So, what’s in the water in Chengmai that has the people outliving their counterparts in other countries? Experts say it’s a combination of lifestyle habits promoted by the environment. “There is not a lot of industry, the climate is good, they can get exercise easily, and the diet is healthy; they have plenty of fresh fruit and vegetables, and the soil is also naturally high in selenium,” which is an essential nutrient, Jennifer Holdaway, head of the China Environment and Health Initiative of the Social Science Research Council, said after visiting Chengmai last year.
Other old-timer locals say it’s the simple life that has kept them alive for so long. Healthy lifestyles that naturally include physical activity lend well to longevity. “I’ve never done any exercise, except hard farm work,” 86-year-old Wang Kailu, who lives in a concrete shack with his wife, said.

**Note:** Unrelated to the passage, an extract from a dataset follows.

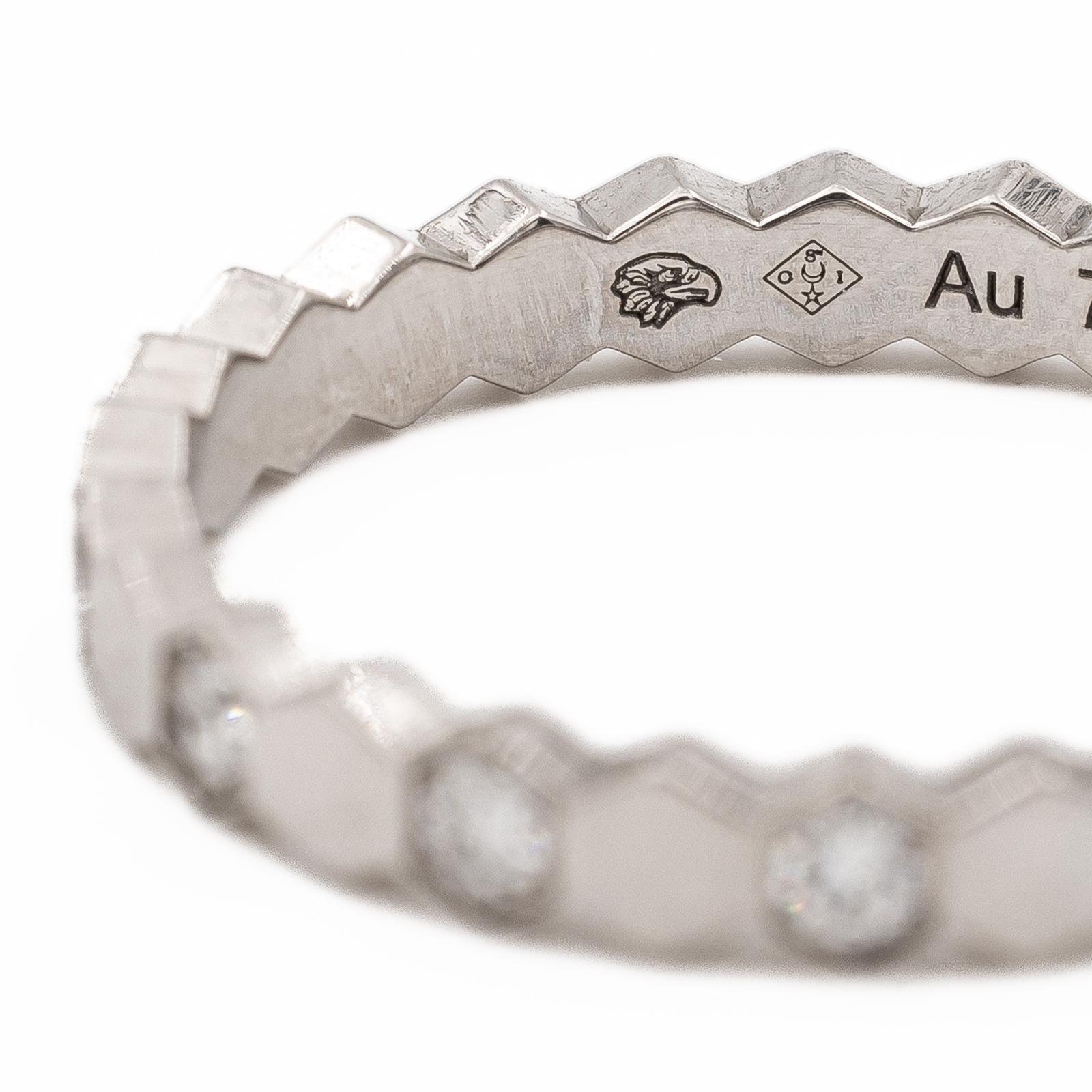 Chaumet Bee my Love Wedding Ring White Gold Diamond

Wang and his wife live in a small and extremely basic home, using water that he draws from a well to water his small vegetable plot, which sustains the two of them.
A key ingredient to longevity, many locals are claiming, is the regular consumption of alcohol. A local grain spirit called “Three Coconut Spring” is the drink of choice for locals, including Xu Yuhe, who is 104 and told AFP that she takes daily shots of the drink. Sheng She, who at 80 doesn’t have quite as many decades under her belt, also says that drinking is part of her daily ritual, indulging in the same spirit as Xu.
A study sponsored by Chengmai’s Communist Party committee found that the lifespans of residents are a result of a combination of “diligent, simple-minded and magnanimous" lifestyle as well as "mainly taking a vegetarian diet, eating sensibly" and the classic "early to bed, early to rise.”
While all of that may be true, many locals still insist that alcohol is just as integral in the routine of a healthy life. “I drink alcohol every evening, just a little bit, it helps you feel warm,” Sheng said.